The wind was where I wanted it: a headwind on the descent, a tailwind at the finish. This basically neutralized the descent: the big gravity-assisted power-maniacs couldn't cause any damage there, while the approach to the finish with its combination of gentle upslope and wind from the tail would favor a longer attack rather than the late sprint which a headwind rewards. If I had a chance for a good result, for example top ten would be nice, then these were the conditions which would maximize it. I was 11th in 2007, so top ten was realistic, I thought.

Soon after the start we began the descent of Carson River Road. Chris Phipps almost immediately moved up on the right side.
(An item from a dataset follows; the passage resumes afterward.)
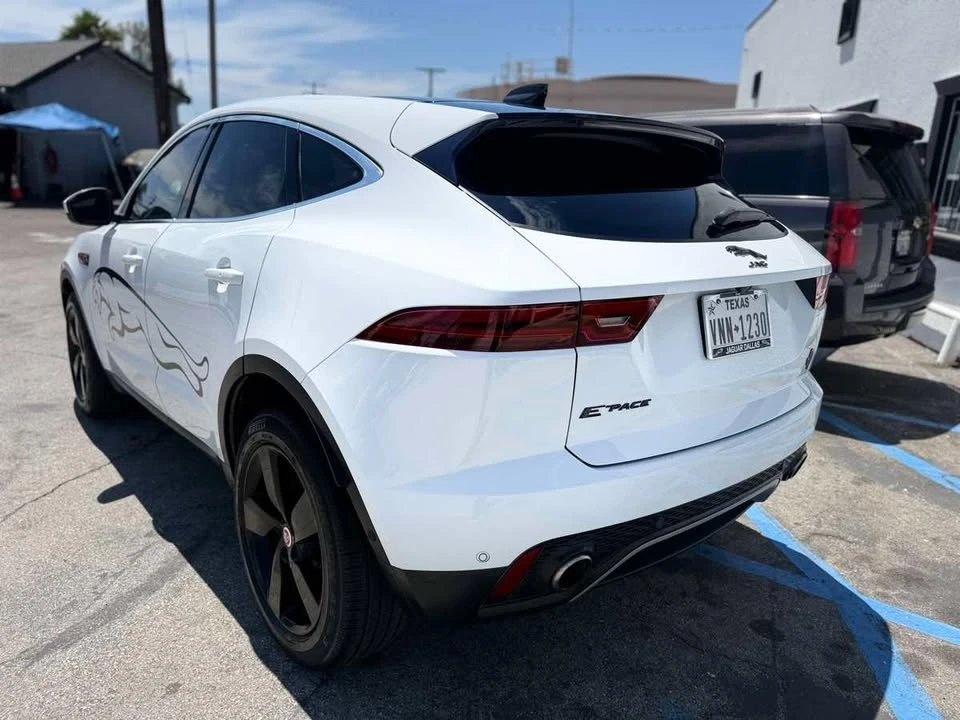 2021 Jaguar E-Pace - Image 5 of 15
That was the way it should be done. Flash-back to last year when Mike Hutchison moved up across the center-line on the left: he subsequently attacked with Chris Wire and Mike Taylor, staying away the rest of the race. Honestly I hoped Chris would also get away today. He can probably sustain around a half-watt-per-kilogram more than me and is training for the pro race at the Tour of Utah. The sooner the Chrises Phipps and Wire (back this year) were gone, the more likely the pace would suit my fitness and ability.
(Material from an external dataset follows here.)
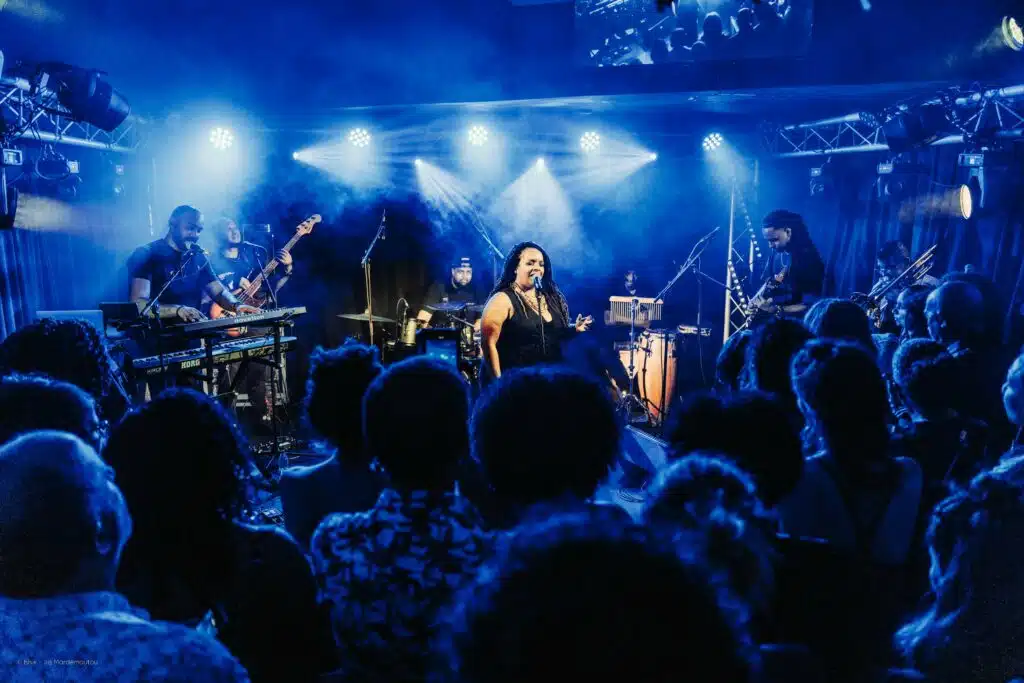 Gwendoline Absalon et Flora Obé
Sure enough, the headwind was a big factor, compressing the small pack on the gradual descent. Hanging in the back row was easy enough, but not the right thing to do. Nevertheless my inherent distrust of what I can't see (and riders with whom I've not ridden) did me in. I wasn't willing to do what needed to be done to move. To do what Chris had done. "I belong at the front, so that's where I'm going." Instead, as usual, I was more worried about my dermis staying epi than about my pre-stated goal.

The view down the first climb, from

Whatever I expected from the climb, it wasn't what happened. The peace absolutely exploded the moment we'd turned onto Diamond Valley Road. From nervous and easy to near-maximal effort in the reduced air, I was in trouble. Take it easy, I told myself, pace yourself and you'll be fine. But I wasn't fine. The group had gapped me, and the gap was growing. I was left with a few stragglers, struggling up this harmless-looking hill in the dry heat.
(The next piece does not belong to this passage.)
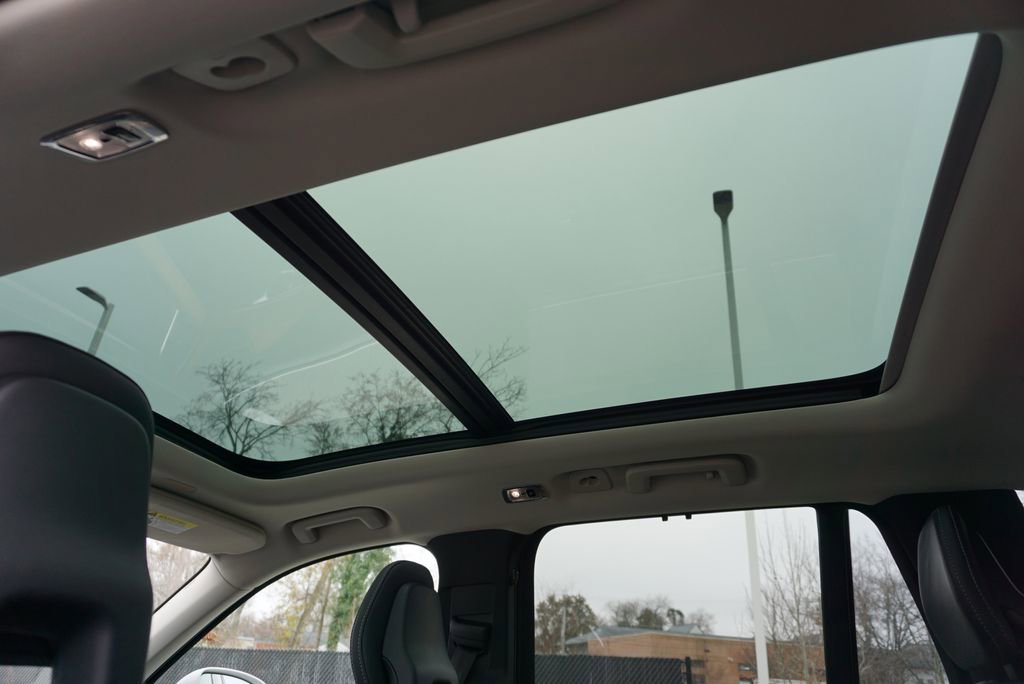 Used 2020 Volvo XC90 T6 Inscription w/ Protection Package image 16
I was despirited, to put it lightly. A few riders caught me from behind on the false flat following the second part of the main climb just as I overtook another. We were four. There was still hope: we could regain the pack which would unwilling and unable to sustain the hard effort to the end of the now gradual climb to the feed zone not far past the finish line. One rider pulled, then it was my turn. A quick pull, not too much, just enough to keep it moving, then I moved aside. But then the next guy in line drilled it, catching me too depleted to respond. I was gapped.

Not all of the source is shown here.